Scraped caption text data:
◇ ◇ ◇ ◇

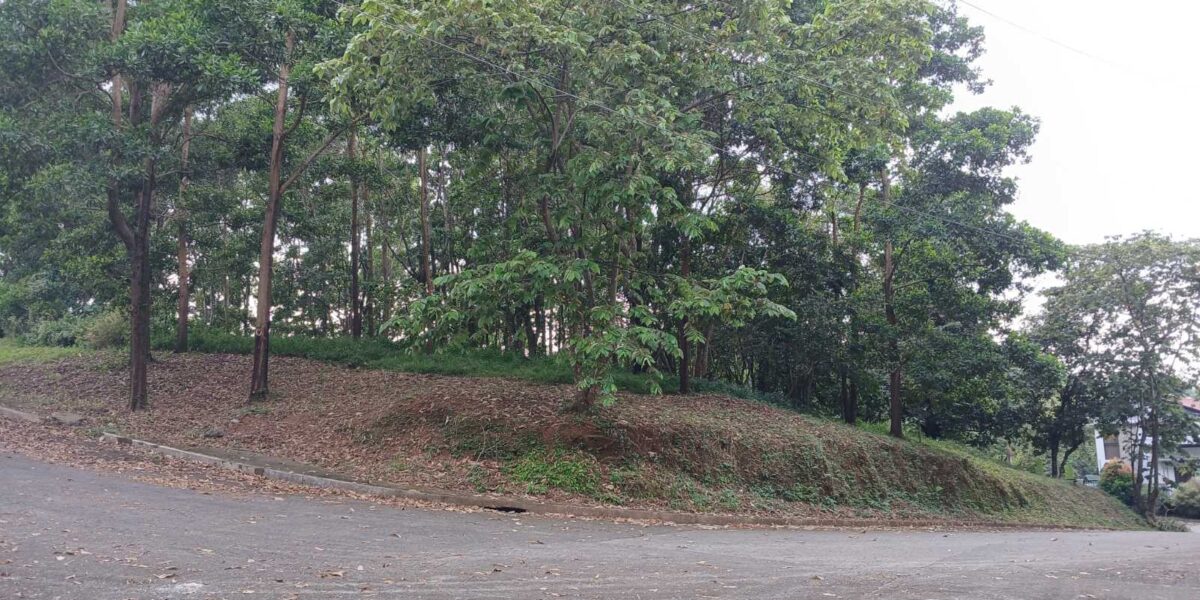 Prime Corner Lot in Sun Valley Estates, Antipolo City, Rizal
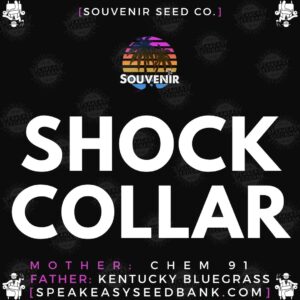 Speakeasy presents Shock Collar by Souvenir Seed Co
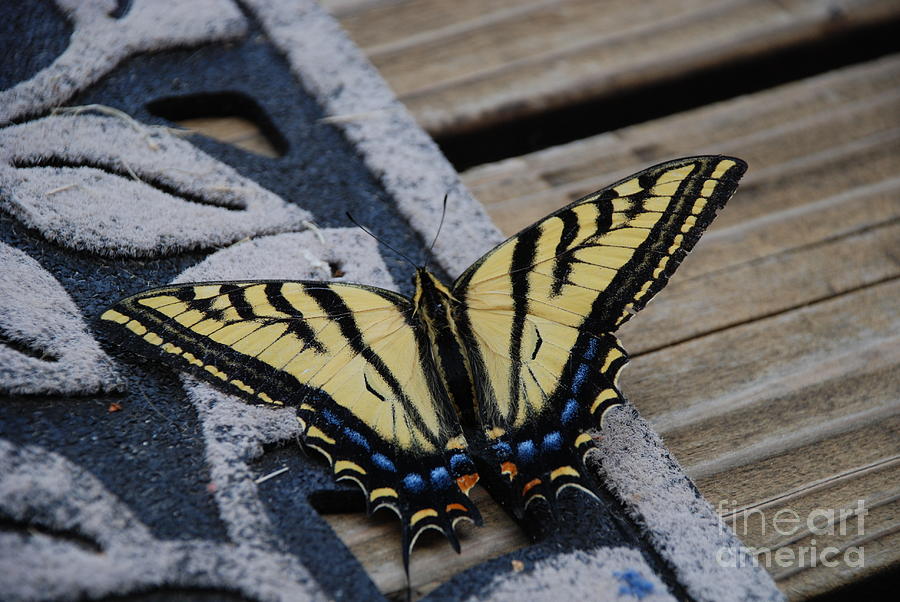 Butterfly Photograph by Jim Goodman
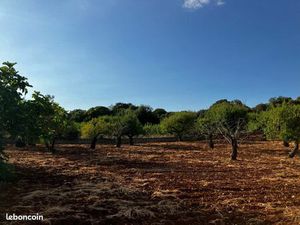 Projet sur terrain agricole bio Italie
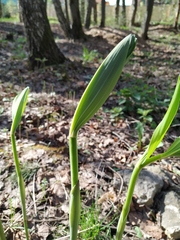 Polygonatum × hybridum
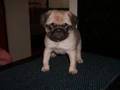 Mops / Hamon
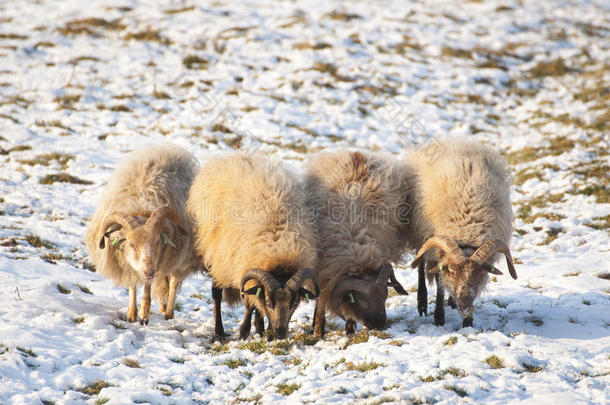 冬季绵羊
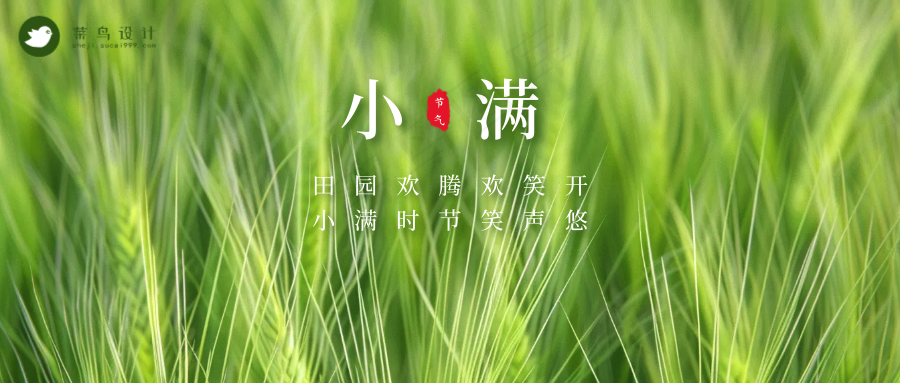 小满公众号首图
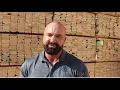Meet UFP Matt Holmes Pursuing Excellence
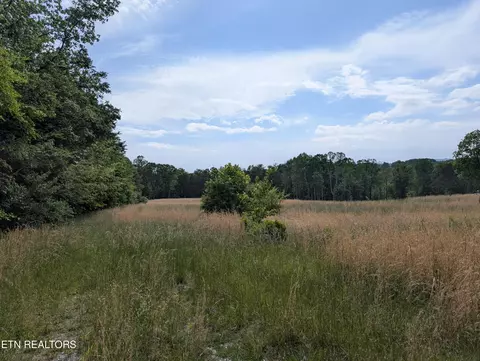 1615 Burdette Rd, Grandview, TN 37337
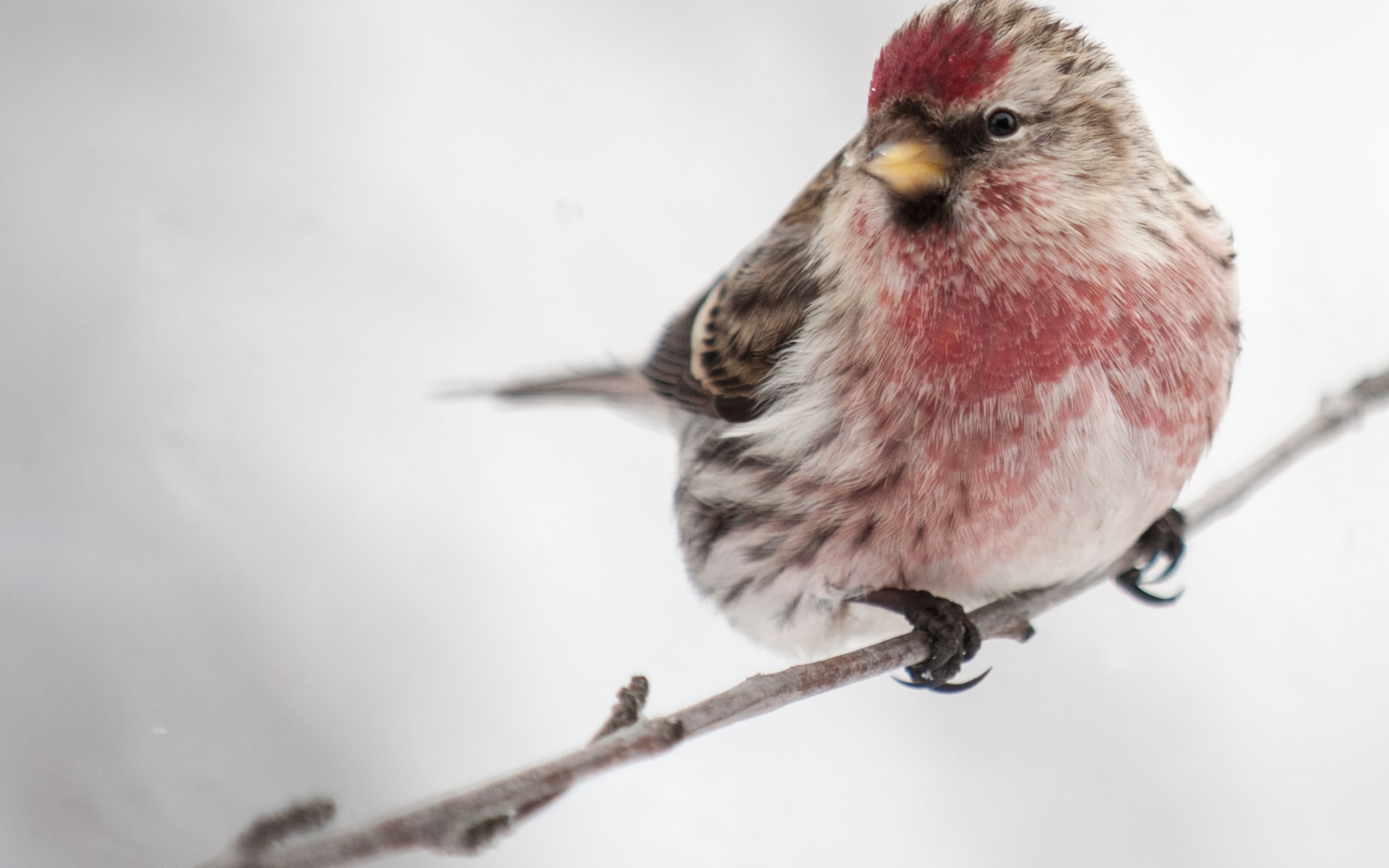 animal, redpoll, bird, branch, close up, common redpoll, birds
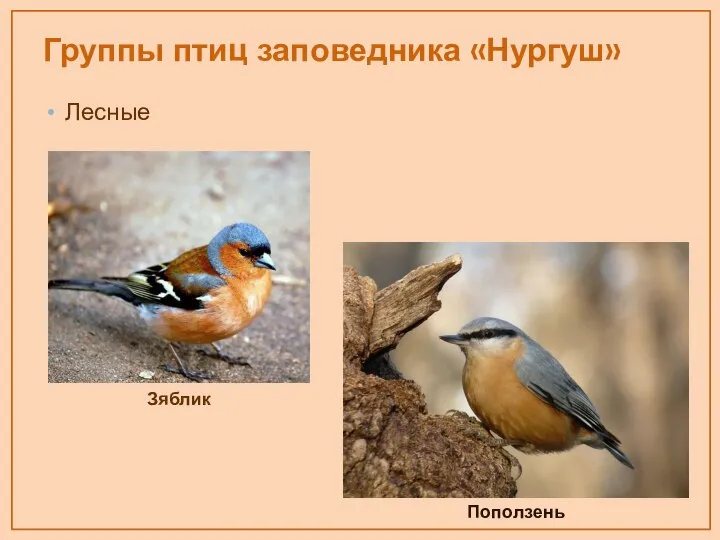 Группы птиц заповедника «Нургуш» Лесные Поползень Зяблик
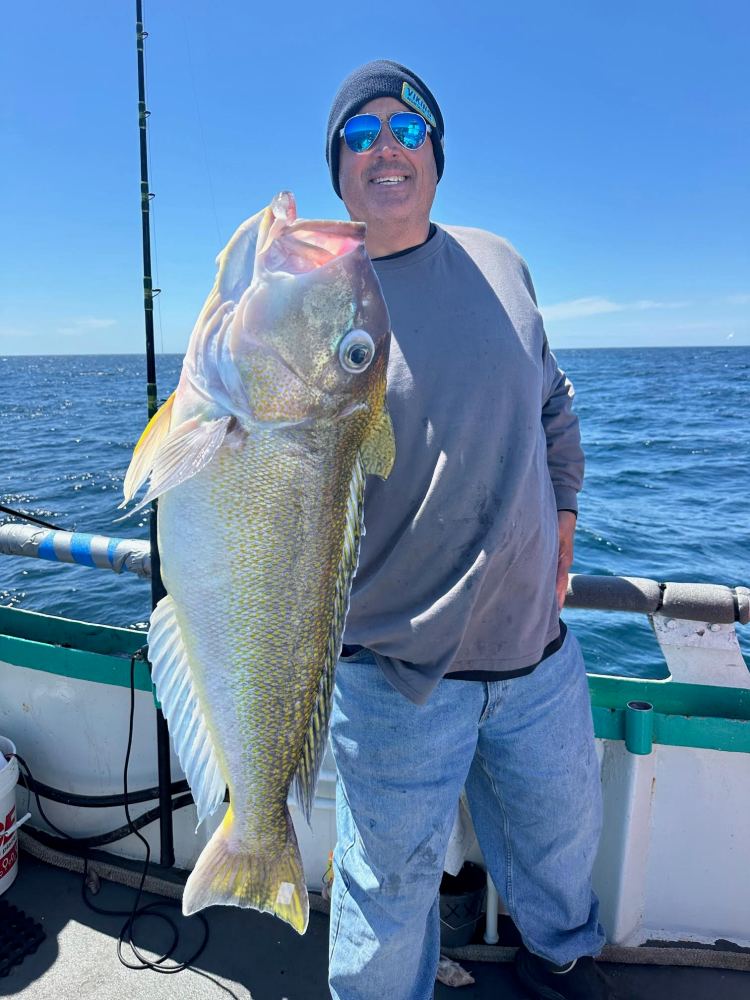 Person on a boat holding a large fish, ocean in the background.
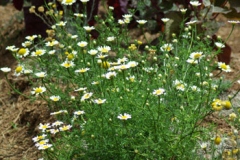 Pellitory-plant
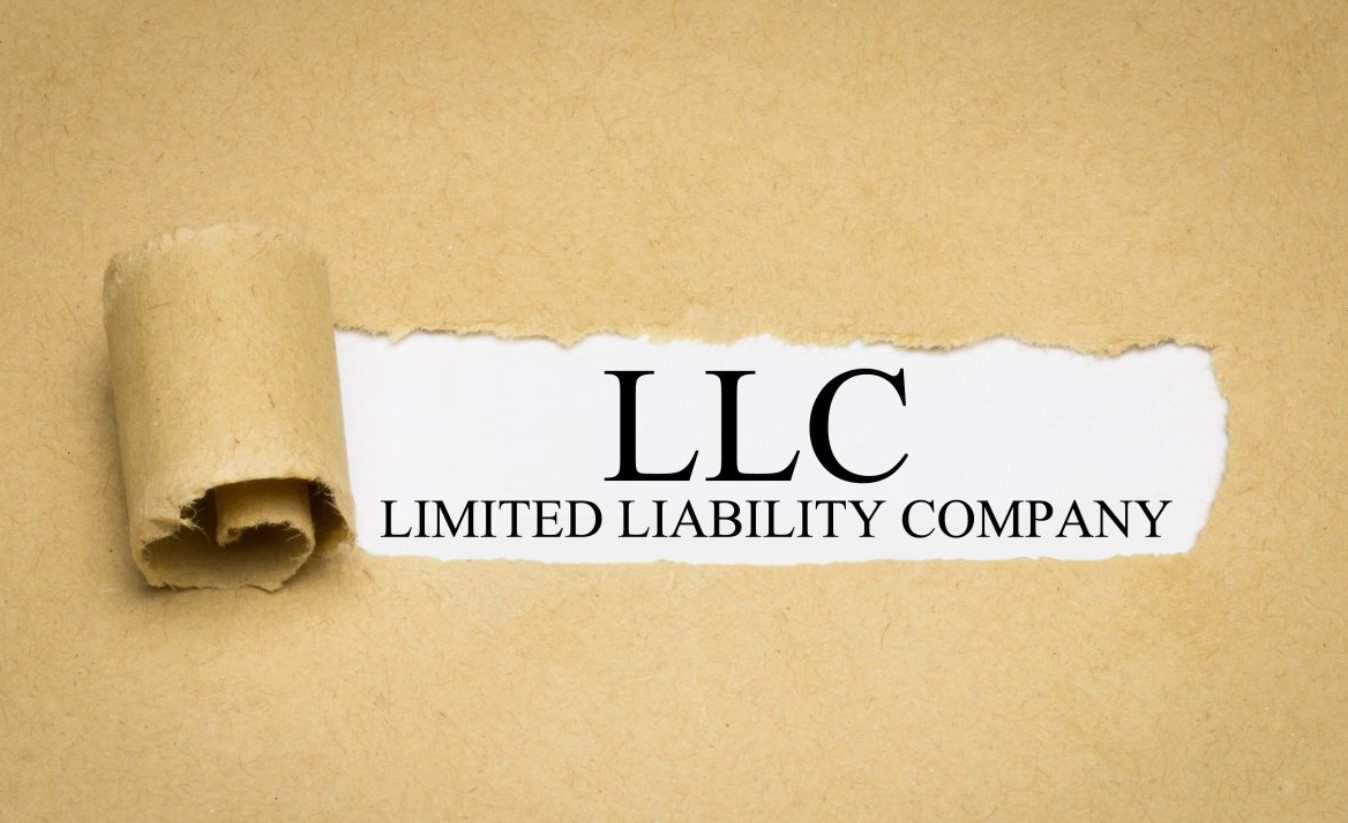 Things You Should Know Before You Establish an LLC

◇ ◇ ◇ ◇

When you print the records above, keep them exact and leave out the pictures.

 Prime Corner Lot in Sun Valley Estates, Antipolo City, Rizal
 Speakeasy presents Shock Collar by Souvenir Seed Co
 Butterfly Photograph by Jim Goodman
 Projet sur terrain agricole bio Italie
 Polygonatum × hybridum
 Mops / Hamon
 冬季绵羊
 小满公众号首图
Meet UFP Matt Holmes Pursuing Excellence
 1615 Burdette Rd, Grandview, TN 37337
 animal, redpoll, bird, branch, close up, common redpoll, birds
 Группы птиц заповедника «Нургуш» Лесные Поползень Зяблик
 Person on a boat holding a large fish, ocean in the background.
 Pellitory-plant
 Things You Should Know Before You Establish an LLC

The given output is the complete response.